• **TASK TO CARRY OUT**
Look below for the line that contains "Halen | PetCurious", then quote it and all the lines after it, exactly, with the pictures left out.

• **INFORMATION**
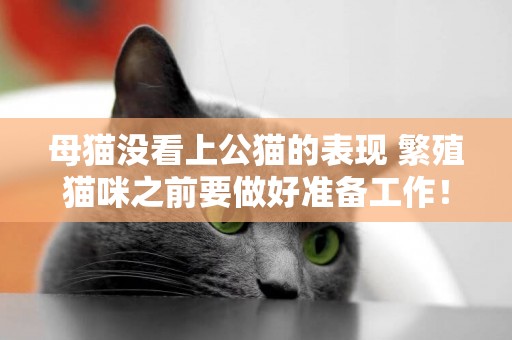 母貓沒看上公貓的表現 繁殖貓咪之前要做好準備工作！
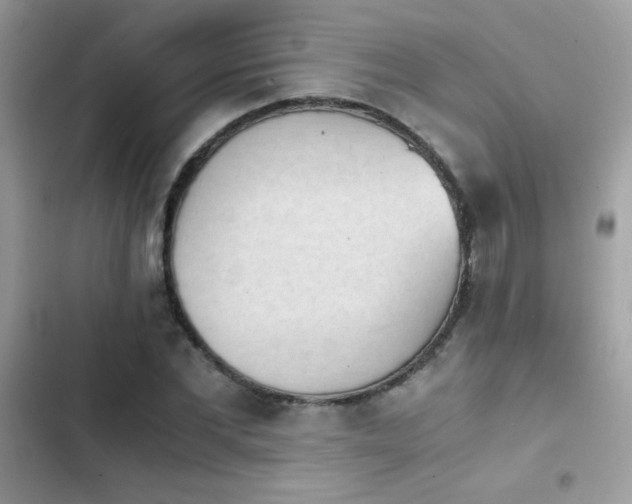 X0000103960877200809191509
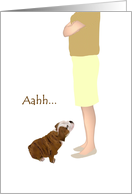 I Am Sorry Cute Bulldog Puppy Looking At Owner card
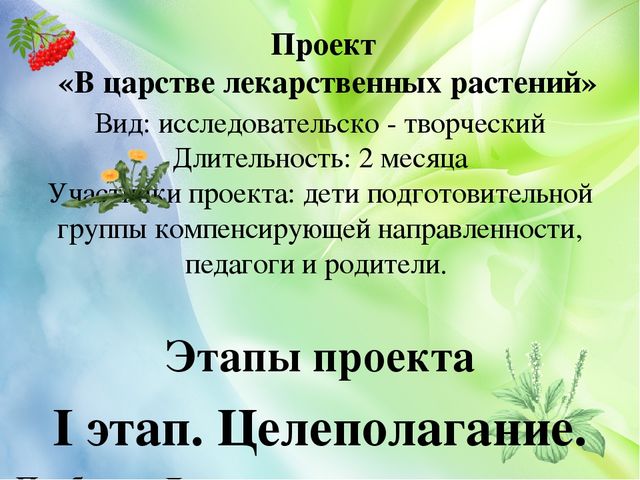 Презентация проекта "Лекарственные растения" (старший дошкольный возраст)
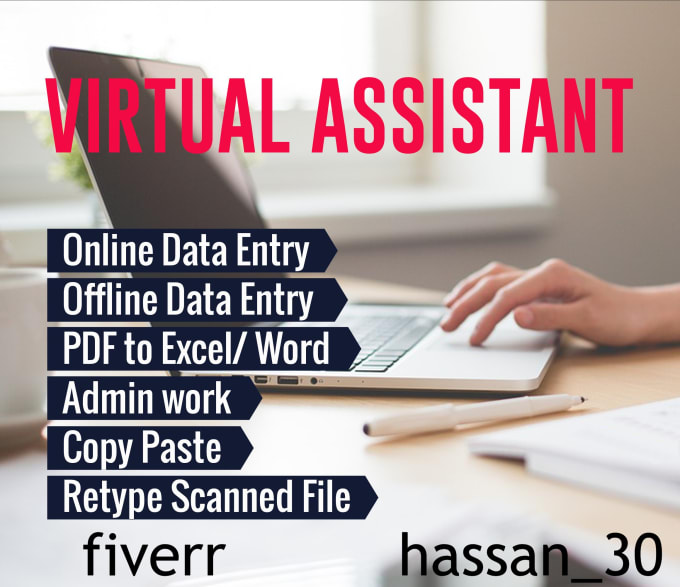 Gig Preview - Be your personal virtual assistant for data entry and other tasks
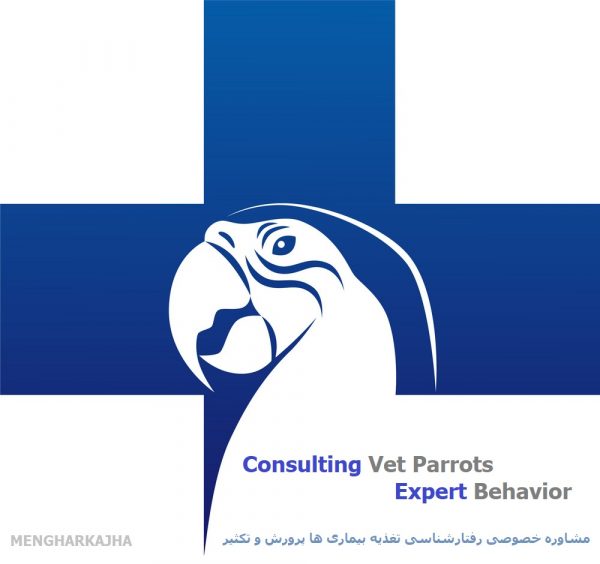 مشاوره تخصصی دامپزشکی پرندگان زینتی طوطی سانان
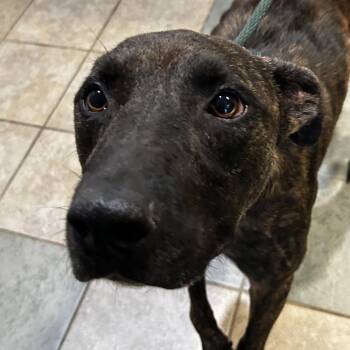 Van Halen -  Mixed Breed Dog for Adoption in Chattanooga, Tennessee - Van Halen | PetCurious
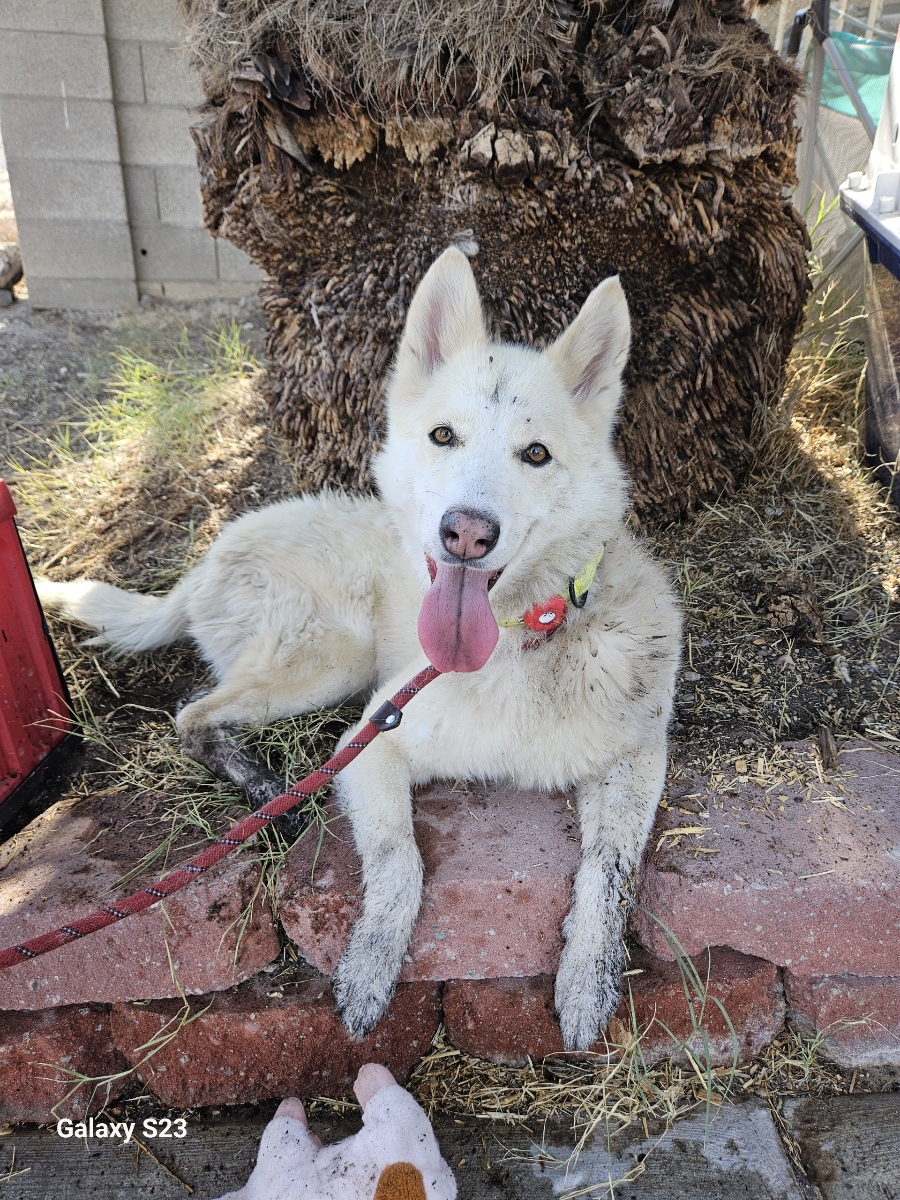 LUNA, a Adoptable Husky in Las Vegas, NV image 4/6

• **EXERCISE SOLUTION**
 Van Halen -  Mixed Breed Dog for Adoption in Chattanooga, Tennessee - Van Halen | PetCurious
 LUNA, a Adoptable Husky in Las Vegas, NV image 4/6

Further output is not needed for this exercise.